Che cosa dire, invece, rispetto al consumo di latte vaccino? Mentre per i formaggi non si rilevano cambiamenti significativi, in questi anni si è assistito a un vero e proprio boom delle alternative vegetali, decuplicate nelle offerte e ormai con reparti dedicati sempre più ampi nei supermercati. Vuoi per motivi di salute o per le intolleranze, vuoi perché le alternative vegetali sono meno grasse e più digeribili, gli italiani stanno consumando sempre meno latte vaccino. Oggi 1 italiano su 4 ha introdotto nella propria spesa anche le bevande alternative, che hanno raggiunto prezzi più bassi e competitivi. “Il settore latte in Italia e in Europa è in grave crisi – si legge nel report – ed è tenuto in piedi quasi esclusivamente da sussidi. Solo in Italia negli ultimi dieci anni hanno chiuso quasi 12 mila allevamenti. Con tutta probabilità, come affermano analisti interni, nel prossimo decennio si deciderà il futuro del settore”.

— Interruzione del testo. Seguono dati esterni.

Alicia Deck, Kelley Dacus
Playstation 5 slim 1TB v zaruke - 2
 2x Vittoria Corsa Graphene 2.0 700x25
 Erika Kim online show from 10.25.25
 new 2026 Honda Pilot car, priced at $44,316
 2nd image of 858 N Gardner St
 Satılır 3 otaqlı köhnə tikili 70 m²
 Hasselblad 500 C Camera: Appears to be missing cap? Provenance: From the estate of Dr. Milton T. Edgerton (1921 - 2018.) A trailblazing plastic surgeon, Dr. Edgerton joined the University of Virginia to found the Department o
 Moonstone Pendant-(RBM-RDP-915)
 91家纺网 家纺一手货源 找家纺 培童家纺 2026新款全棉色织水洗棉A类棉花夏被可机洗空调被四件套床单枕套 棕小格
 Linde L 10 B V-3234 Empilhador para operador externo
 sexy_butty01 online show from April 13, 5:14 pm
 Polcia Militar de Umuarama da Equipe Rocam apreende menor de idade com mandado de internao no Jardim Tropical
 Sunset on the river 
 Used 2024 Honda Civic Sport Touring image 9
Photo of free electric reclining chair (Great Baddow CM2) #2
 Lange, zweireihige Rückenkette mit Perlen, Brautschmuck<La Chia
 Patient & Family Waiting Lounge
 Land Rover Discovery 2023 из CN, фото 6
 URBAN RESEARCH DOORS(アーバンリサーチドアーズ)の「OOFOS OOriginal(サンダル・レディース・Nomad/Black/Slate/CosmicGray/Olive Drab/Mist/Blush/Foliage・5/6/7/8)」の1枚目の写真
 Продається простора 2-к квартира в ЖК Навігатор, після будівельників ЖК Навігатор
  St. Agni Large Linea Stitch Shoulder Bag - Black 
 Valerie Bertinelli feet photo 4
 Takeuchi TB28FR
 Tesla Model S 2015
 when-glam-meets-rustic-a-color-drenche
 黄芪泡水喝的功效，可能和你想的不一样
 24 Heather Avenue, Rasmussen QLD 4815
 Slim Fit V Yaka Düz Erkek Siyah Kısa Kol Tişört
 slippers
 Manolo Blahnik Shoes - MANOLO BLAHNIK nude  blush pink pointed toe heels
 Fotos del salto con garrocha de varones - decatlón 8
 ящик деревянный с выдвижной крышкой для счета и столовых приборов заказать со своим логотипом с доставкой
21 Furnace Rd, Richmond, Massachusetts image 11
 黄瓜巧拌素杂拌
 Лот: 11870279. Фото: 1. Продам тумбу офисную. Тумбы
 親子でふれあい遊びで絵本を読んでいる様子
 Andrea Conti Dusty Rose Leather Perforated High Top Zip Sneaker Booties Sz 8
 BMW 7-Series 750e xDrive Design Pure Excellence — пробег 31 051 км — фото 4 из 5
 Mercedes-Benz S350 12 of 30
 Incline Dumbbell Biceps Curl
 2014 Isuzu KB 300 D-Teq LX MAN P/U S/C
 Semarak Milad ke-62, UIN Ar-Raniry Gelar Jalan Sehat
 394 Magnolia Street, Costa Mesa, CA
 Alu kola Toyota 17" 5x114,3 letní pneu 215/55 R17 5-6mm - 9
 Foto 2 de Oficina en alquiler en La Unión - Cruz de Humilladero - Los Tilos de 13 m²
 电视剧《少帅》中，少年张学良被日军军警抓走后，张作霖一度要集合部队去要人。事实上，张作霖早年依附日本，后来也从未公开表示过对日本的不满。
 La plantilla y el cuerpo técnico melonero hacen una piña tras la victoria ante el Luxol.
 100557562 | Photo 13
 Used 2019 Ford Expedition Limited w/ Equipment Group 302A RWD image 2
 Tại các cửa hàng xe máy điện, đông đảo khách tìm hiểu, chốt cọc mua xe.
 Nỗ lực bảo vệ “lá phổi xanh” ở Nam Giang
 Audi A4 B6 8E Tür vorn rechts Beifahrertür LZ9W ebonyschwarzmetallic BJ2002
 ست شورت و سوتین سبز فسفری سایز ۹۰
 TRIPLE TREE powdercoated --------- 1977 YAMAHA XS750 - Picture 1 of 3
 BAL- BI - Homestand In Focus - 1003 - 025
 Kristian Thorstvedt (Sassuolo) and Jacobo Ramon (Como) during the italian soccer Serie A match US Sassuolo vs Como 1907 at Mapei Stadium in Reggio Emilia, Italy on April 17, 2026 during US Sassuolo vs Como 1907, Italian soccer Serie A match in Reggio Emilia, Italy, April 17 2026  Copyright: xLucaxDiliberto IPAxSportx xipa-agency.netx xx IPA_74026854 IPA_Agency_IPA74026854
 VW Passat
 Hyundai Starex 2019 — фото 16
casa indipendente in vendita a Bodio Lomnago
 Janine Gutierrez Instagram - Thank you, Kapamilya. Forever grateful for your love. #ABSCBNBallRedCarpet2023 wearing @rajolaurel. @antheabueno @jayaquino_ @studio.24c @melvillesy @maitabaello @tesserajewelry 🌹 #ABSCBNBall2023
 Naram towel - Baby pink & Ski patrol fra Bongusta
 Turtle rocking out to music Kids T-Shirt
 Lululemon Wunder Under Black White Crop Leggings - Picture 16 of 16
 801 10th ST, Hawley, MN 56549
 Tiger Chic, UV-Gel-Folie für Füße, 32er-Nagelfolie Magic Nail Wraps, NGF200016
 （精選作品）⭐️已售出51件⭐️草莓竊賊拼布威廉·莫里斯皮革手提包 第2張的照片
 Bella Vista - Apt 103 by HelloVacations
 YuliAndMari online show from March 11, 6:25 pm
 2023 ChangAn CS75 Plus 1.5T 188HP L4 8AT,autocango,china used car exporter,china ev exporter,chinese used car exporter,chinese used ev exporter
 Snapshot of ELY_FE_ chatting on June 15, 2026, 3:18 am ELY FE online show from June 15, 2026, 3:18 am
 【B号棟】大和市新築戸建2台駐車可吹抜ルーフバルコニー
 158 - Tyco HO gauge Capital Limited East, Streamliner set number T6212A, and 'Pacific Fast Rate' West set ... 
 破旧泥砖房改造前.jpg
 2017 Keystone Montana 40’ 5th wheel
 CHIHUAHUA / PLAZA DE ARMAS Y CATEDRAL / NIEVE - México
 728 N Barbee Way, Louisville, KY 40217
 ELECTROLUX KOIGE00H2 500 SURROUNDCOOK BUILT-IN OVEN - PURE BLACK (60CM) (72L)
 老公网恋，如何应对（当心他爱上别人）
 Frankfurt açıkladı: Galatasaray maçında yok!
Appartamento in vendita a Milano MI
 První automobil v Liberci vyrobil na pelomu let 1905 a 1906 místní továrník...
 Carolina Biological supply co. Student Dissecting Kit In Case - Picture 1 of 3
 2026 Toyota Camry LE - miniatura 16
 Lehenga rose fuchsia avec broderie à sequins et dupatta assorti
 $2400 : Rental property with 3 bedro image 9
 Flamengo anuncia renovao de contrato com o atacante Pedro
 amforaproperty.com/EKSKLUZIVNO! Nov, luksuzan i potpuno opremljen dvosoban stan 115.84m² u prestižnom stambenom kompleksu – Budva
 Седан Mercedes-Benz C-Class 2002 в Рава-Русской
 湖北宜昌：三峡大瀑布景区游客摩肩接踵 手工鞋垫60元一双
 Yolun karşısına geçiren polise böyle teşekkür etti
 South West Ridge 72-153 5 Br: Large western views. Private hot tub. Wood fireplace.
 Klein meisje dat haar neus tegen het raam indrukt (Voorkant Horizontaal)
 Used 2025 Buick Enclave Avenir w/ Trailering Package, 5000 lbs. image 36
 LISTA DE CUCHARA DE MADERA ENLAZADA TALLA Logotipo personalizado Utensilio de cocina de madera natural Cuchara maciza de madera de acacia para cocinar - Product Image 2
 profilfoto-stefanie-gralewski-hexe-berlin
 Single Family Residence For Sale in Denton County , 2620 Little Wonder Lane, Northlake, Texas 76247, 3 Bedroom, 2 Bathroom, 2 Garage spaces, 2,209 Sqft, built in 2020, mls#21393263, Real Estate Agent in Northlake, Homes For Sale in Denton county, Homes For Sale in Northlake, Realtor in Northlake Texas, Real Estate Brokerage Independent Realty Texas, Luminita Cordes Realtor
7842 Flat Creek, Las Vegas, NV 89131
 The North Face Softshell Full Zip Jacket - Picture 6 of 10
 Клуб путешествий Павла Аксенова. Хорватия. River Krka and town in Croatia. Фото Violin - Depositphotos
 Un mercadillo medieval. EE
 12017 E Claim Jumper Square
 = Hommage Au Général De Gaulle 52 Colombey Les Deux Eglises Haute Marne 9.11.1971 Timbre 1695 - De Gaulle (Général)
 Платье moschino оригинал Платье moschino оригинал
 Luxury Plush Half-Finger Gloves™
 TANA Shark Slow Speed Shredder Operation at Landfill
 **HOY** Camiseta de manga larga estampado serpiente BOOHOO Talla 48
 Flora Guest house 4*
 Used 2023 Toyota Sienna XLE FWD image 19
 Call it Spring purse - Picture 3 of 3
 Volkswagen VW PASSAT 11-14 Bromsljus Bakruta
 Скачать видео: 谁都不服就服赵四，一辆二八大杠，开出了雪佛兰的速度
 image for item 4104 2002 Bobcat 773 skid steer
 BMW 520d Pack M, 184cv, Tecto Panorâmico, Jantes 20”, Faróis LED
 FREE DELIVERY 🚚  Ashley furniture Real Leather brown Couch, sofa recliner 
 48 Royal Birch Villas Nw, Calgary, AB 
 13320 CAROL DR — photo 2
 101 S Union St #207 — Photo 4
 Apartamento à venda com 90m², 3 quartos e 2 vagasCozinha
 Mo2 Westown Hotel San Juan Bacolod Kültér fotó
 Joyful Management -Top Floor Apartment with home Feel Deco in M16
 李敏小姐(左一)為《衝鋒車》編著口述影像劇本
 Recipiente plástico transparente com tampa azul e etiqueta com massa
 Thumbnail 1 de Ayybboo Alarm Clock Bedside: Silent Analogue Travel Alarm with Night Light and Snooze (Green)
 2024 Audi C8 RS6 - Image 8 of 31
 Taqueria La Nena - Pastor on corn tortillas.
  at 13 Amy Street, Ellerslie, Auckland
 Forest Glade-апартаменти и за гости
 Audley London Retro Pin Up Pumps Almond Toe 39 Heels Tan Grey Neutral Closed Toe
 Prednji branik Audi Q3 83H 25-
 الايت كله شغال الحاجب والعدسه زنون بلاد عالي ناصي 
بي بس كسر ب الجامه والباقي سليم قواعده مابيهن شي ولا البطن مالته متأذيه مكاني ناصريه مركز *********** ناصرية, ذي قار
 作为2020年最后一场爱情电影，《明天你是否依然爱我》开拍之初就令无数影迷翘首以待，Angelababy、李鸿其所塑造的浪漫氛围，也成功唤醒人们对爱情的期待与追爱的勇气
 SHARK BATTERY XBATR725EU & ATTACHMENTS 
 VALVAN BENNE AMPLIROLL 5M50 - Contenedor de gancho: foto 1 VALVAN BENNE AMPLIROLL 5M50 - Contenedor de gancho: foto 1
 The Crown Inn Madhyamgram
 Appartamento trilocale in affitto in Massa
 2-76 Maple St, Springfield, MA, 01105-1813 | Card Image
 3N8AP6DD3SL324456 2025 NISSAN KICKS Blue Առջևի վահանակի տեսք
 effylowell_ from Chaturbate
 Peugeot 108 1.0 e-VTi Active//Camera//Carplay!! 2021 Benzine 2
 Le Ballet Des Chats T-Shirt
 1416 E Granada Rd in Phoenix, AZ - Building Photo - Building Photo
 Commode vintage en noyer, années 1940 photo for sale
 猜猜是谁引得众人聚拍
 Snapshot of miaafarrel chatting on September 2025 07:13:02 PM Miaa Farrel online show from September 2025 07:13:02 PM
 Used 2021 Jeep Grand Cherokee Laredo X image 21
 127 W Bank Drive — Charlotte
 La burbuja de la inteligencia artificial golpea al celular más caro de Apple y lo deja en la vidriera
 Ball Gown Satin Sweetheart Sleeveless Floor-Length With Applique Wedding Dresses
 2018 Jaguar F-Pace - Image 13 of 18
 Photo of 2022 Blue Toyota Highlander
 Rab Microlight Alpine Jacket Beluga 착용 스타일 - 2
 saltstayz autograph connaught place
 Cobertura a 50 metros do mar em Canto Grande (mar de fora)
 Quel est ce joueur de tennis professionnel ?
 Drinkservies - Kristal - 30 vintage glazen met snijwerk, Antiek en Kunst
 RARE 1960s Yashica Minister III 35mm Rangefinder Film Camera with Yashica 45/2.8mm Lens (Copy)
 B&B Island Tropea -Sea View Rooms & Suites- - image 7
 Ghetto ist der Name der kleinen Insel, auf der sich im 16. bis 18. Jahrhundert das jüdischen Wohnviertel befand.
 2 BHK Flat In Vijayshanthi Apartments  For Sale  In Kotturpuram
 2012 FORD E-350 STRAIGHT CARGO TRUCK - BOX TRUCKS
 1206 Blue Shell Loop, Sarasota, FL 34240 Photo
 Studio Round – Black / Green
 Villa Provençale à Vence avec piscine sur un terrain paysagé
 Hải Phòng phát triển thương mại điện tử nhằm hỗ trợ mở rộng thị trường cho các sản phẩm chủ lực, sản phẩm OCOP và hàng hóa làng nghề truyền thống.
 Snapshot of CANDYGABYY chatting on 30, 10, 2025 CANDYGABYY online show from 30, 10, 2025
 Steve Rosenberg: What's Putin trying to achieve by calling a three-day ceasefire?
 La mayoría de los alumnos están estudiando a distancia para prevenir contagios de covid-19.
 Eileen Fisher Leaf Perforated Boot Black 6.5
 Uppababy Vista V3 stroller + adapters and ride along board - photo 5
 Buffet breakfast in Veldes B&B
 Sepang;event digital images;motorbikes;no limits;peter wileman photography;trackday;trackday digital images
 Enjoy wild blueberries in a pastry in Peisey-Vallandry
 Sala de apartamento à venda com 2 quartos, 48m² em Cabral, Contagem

“Oltre a mostrare i cambiamenti del settore zootecnico e dei consumi di prodotti animali nella decade appena trascorsa, questo report vuole essere uno strumento per capire le motivazioni che sono alla base di questi cambiamenti, così da riflettere su una loro futura evoluzione. È evidente che le indicazioni di tipo salutistico abbiano giocato un ruolo fondamentale nell’influenzare le scelte alimentari, ma vi è anche una crescente preoccupazione per il benessere animale, emersa in seguito alla diffusione in televisione delle prime inchieste giornalistiche che hanno mostrato le condizioni critiche degli animali all’interno degli allevamenti intensivi. Per quanto tutto ciò sia avvenuto in pochi anni, vi sono già segnali che mostrano un cambio di prospettive e abitudini di cui probabilmente vedremo gli effetti più importanti negli anni a venire, essendo soprattutto le nuove generazioni a recepire questi cambiamenti”.